══ DATA BLOCK ══
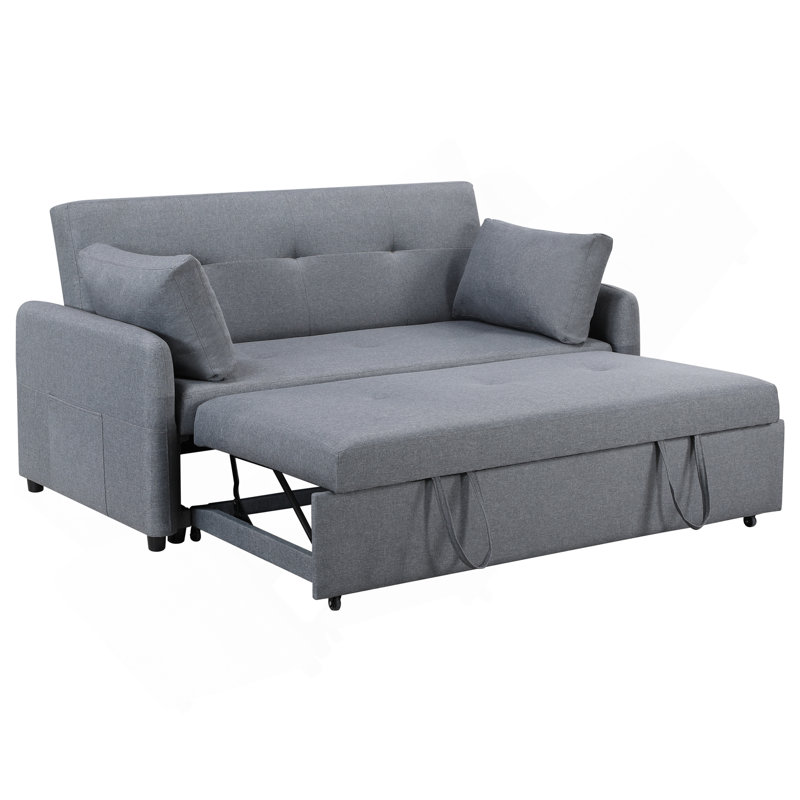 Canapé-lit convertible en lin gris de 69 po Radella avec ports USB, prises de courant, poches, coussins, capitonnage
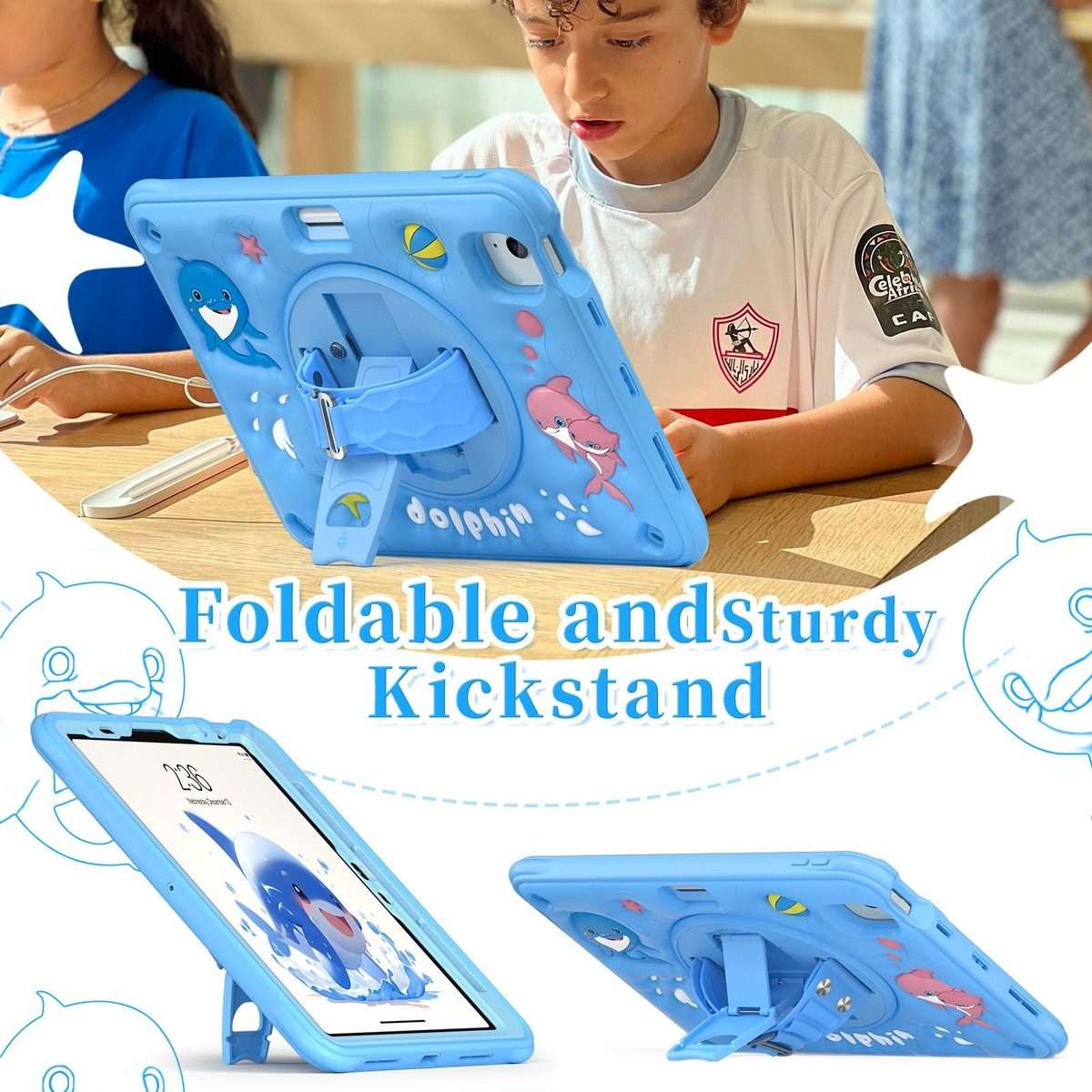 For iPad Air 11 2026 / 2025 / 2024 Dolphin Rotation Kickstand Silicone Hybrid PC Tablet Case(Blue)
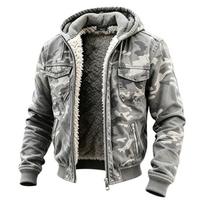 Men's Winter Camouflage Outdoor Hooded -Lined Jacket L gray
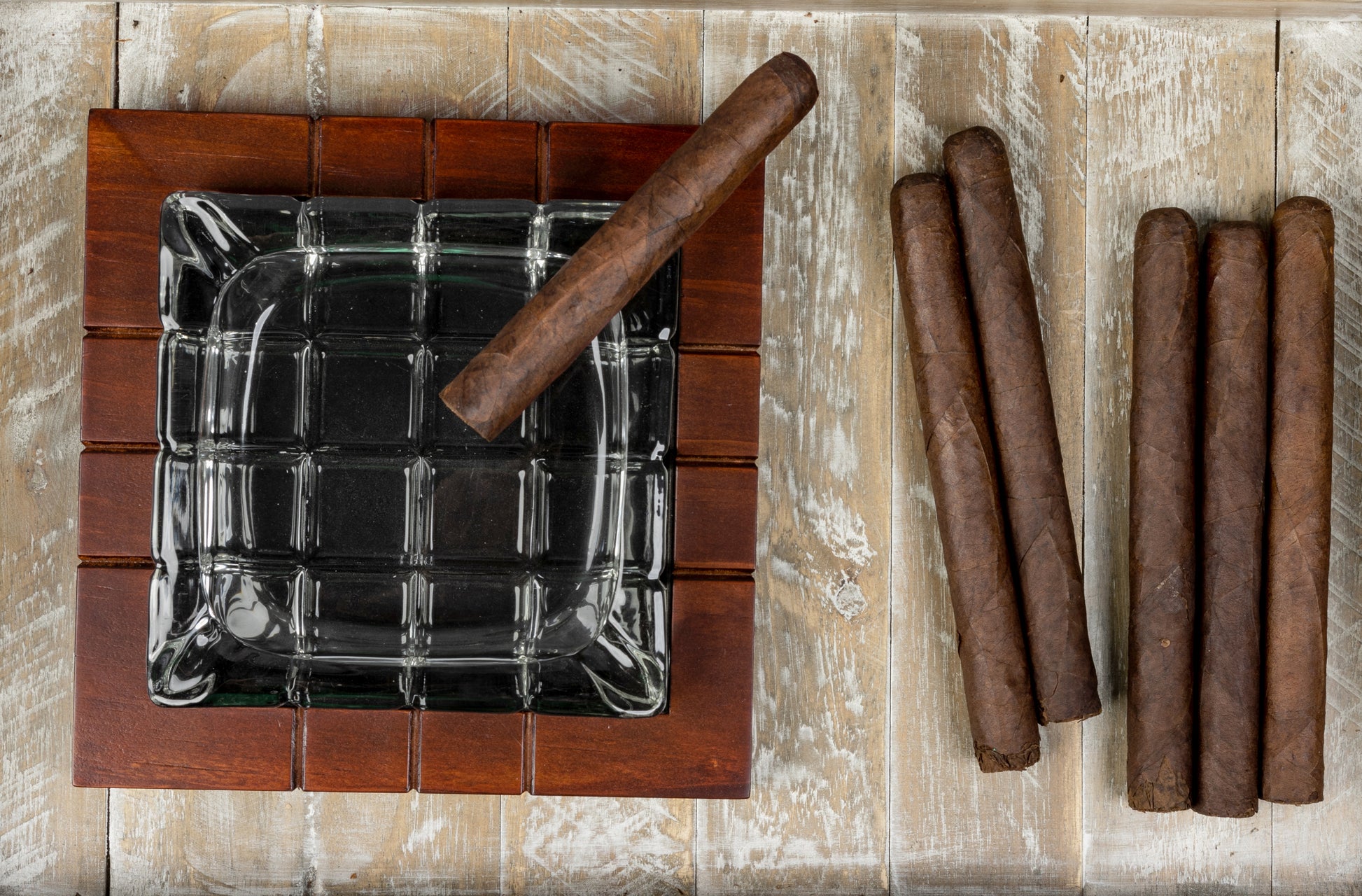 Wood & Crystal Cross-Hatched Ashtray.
═══
| ACTIVITY |
I would like the material repeated in full and exactly, with its images omitted.

| RESPONSE TO THIS EXERCISE |
 Canapé-lit convertible en lin gris de 69 po Radella avec ports USB, prises de courant, poches, coussins, capitonnage
 For iPad Air 11 2026 / 2025 / 2024 Dolphin Rotation Kickstand Silicone Hybrid PC Tablet Case(Blue)
 Men's Winter Camouflage Outdoor Hooded -Lined Jacket L gray
 Wood & Crystal Cross-Hatched Ashtray.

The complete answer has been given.